#### [PROBLEM DESCRIPTION]
A faithful copy is required: transcribe each line below exactly, minus the pictures.

#### [DATA SHOWN]
-----

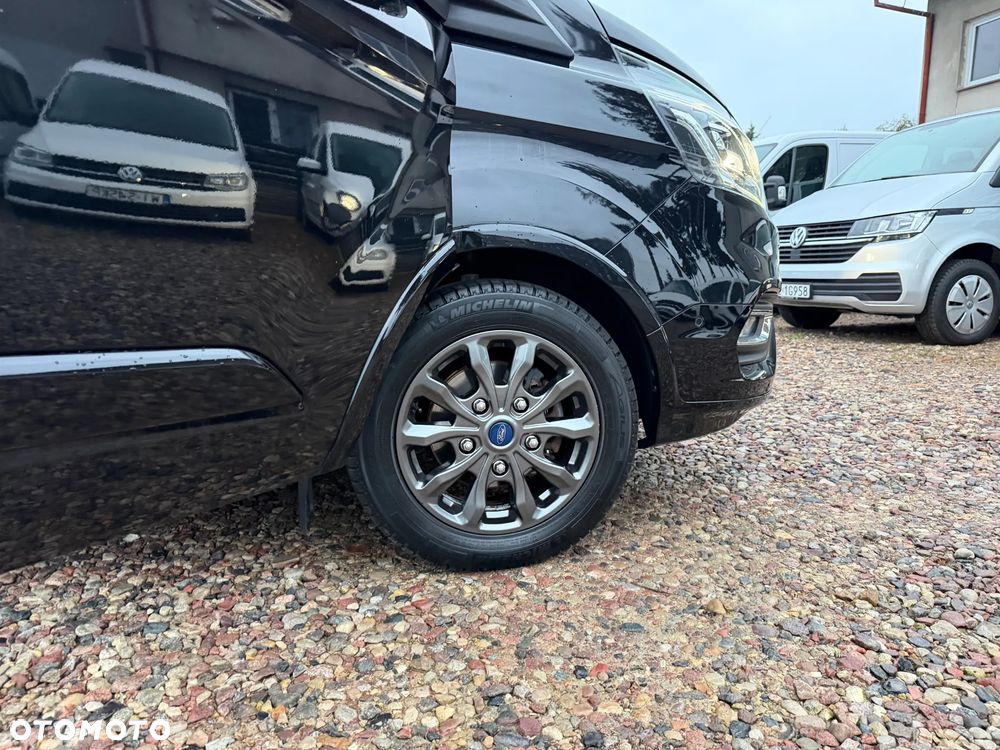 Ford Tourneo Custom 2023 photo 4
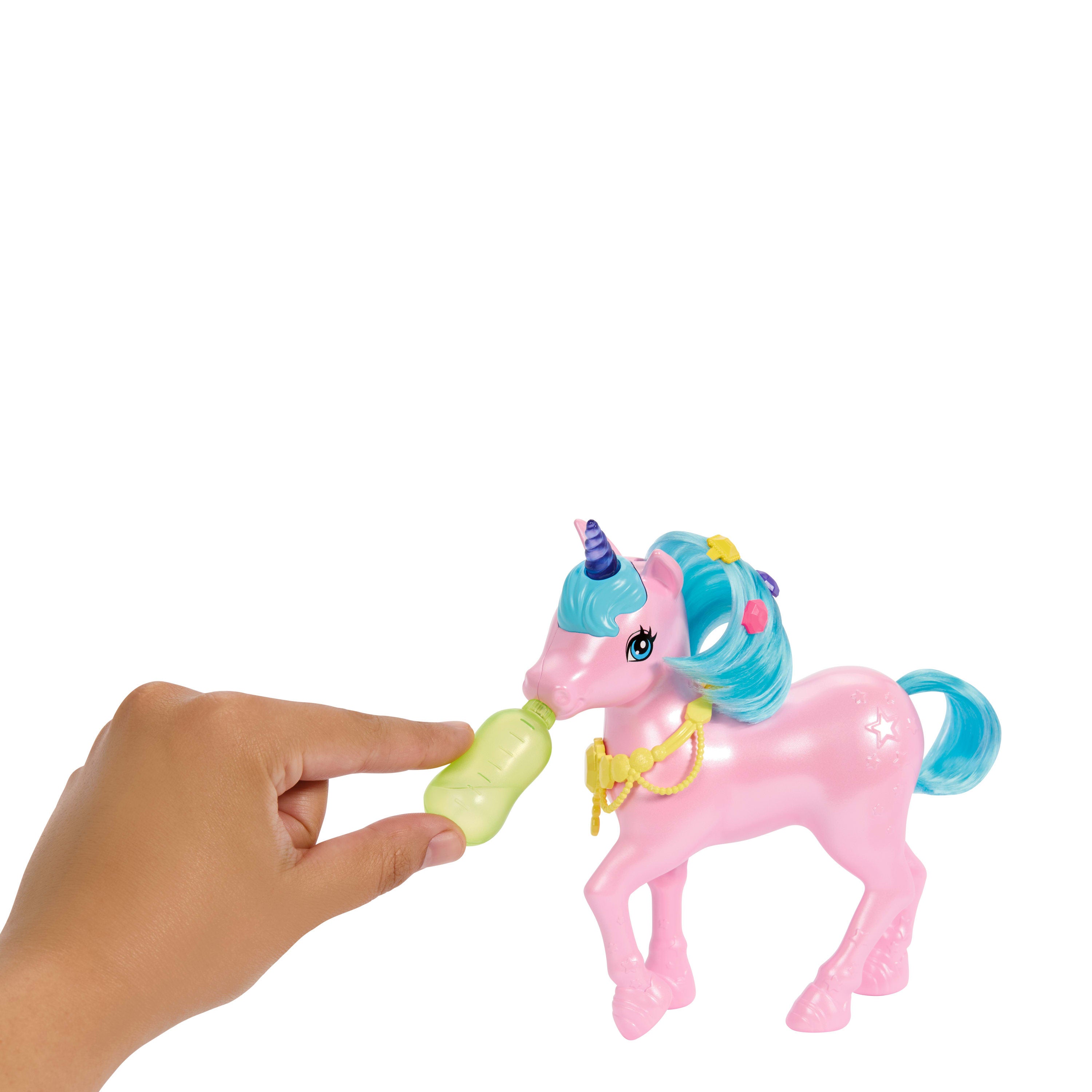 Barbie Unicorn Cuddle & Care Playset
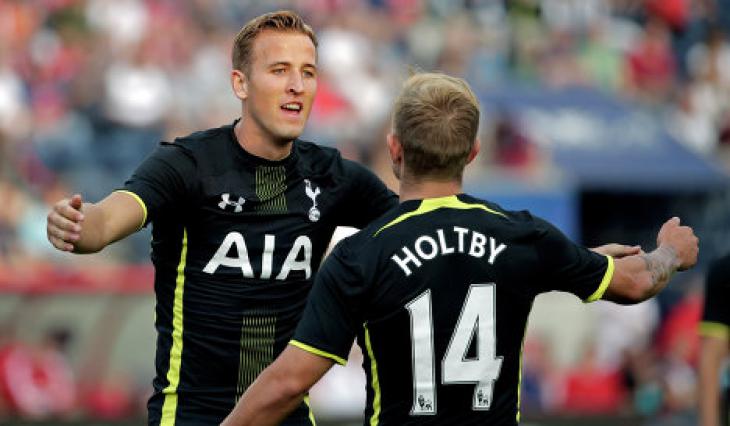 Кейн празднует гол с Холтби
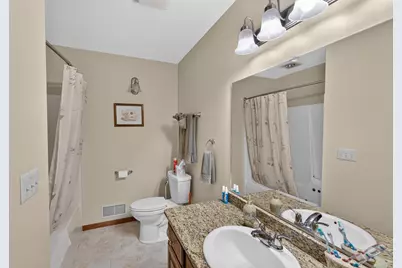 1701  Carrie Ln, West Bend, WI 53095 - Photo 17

-----

#### [TASK OUTPUT]
 Ford Tourneo Custom 2023 photo 4
 Barbie Unicorn Cuddle & Care Playset
 Кейн празднует гол с Холтби
 1701  Carrie Ln, West Bend, WI 53095 - Photo 17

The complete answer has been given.